Lea Laven (née Luukinen; after that Marjanen, Forssell and Tulonen; born 19 June 1948) is a Finnish pop singer.

Laven was born in the small town of Haukipudas, where she grew up in meager circumstances: she began singing in shows while in school and as a teenager began participating in talent competitions. After completing her schooling she lived for a time in Sweden where she worked as a domestic in hotels and nursing homes. In 1966 while back in Finland for an intended visit Laven attended a dance where Pentti Oskari Kangas was playing: Laven asked to sing with his band and the reaction resulted in her being recruited as a vocalist. When not performing with the band Laven worked at a textile mill in the town of Rauma which was Kangas' home base.
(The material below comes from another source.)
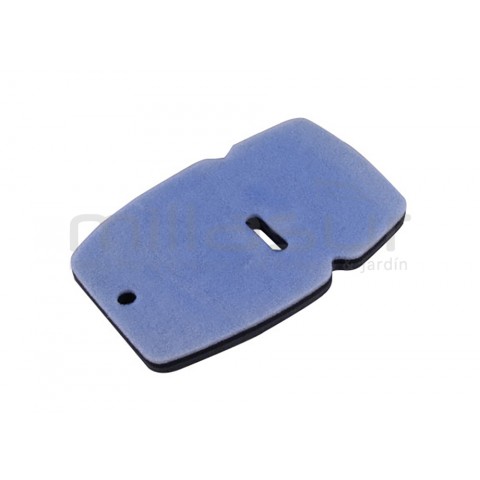 Filtro Ar partner k1250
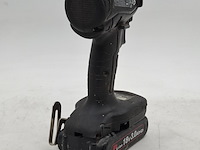 Accu schroefmachine, panasonic, ey76a1 - afbeelding 7 van  8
In 1969 Laven began recording for EMI Columbia - later known as CBS Records - with a debut album Se Jokin issued in 1970: during this time Laven also had a "day job" as a secretary at the label's Helsinki office. For several years Laven typically recorded Finnish language cover versions of contemporary international hits with the 1974 double A-side single "Niin"/ "Tumma Nainen" - comprising Finnish renderings of "Sì" and "Dark Lady" originally by respectively Gigliola Cinquetti and Cher - affording Laven her career record with a #5 peak on the Finnish national charts: "Niin"/ "Tumma Nainen" debuted in the Top 30 in August 1974 and was still ranked in the Top 30 in August 1975.

Lea Laven in 1987

In 1978 Laven took second place - in a tie - in the Finnish national preliminary round of the Eurovision contest with the song "Aamulla Rakkaani Näin" which served at the title cut of Laven's seventh album which became Laven's first gold-certified album. Laven's subsequent recorded output was more focused on new material including the 1979 Syksyn sävel winner "Ei oo, ei tuu" which was the #1 hit in Finland for the months of December 1979 and January 1980. Laven still recorded Finnish-language covers including "Lahjan Sain" which as "Si la vie est cadeau" had won Eurovision 1983. In 1984 Laven switched to Bluebird Records where her debut album Sanat murenevat - Laven's twelfth album release - became her sole platinum-certified album to date. In 1990 Laven debuted on the Polarvox label with the album Ali Baba which was Laven's seventeenth album release and her sixth album to be certified gold. Laven subsequently experienced a drop in her career profile but was afforded a major comeback in 1999 when she again won the Syksyn sävel and her winning song ""Nyt kun oot mennyt" reached #6 on the Finnish national charts. Laven's twenty-fourth album Tähdenlennon alla was issued in 2006. Laven has resided in Naantali since 1984.